Nie pisałam o tym , ale jedna z moich blogowych koleżanek, z którą nawiązałyśmy
kontakt w realu, jest moją sąsiadką z okresu, gdy obie byłyśmy jeszcze oseskami.
Ona mieszkała w tamtej dzielnicy rok zaledwie, ja do ukończenia 21 roku życia.

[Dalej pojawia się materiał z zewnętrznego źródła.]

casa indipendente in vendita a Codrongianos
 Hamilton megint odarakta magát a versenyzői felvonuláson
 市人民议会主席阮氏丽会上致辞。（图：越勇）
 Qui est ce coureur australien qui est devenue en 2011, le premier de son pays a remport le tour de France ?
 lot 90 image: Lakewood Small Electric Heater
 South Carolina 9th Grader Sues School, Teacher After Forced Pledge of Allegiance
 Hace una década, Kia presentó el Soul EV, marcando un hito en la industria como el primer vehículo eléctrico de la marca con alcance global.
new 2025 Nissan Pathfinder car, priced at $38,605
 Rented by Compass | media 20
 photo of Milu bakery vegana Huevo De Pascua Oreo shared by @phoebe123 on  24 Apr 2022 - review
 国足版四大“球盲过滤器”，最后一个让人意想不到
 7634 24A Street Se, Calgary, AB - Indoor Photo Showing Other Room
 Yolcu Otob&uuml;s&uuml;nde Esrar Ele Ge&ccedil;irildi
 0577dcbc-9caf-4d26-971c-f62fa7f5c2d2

Czekamy teraz aż wreszcie przeszkody w postaci chorób przestaną nas obie
gnębić  ( a gnębią nas na zmianę) i pojedziemy zobaczyć jak wyglądają teraz tamte
strony.
Ten rok jest wielce rocznicowym rokiem , bo:   100-lecie wybuchu pierwszej wojny
światowej, 75-lecie początku drugiej, 25-lecie upadku komunizmu, 10-lecie
rozszerzenia Unii Europejskiej na wschód i nasza, wielce okrągła i wypasiona
rocznica ślubu.
W dniu ślubu byłam pewna, że jak większość pań w mojej rodzinie "wyjdę za mąż,
zaraz wrócę". A tu taki numer!  "Znając ciebie, to się nie miesci w głowie"- jak
powiedziała jedna z moich życzliwych koleżanek.
I, żeby nie było niedomówień - czasem narzekam, jojczę, ale wiem, że  w gruncie
rzeczy jestem szczęściarą . Dwa razy wyciągnięto mnie z bardzo ciężkich chorób,
raz uciekłam na drugą stronę tęczy, ale wróciłam, marzyłam o córce i ją mam i jest
to wielce udany model kobiety, poza tym jestem z człowiekiem, którego wybrałam
w bardzo młodym wieku.
I to tyle "pourodzinowych" rozważań.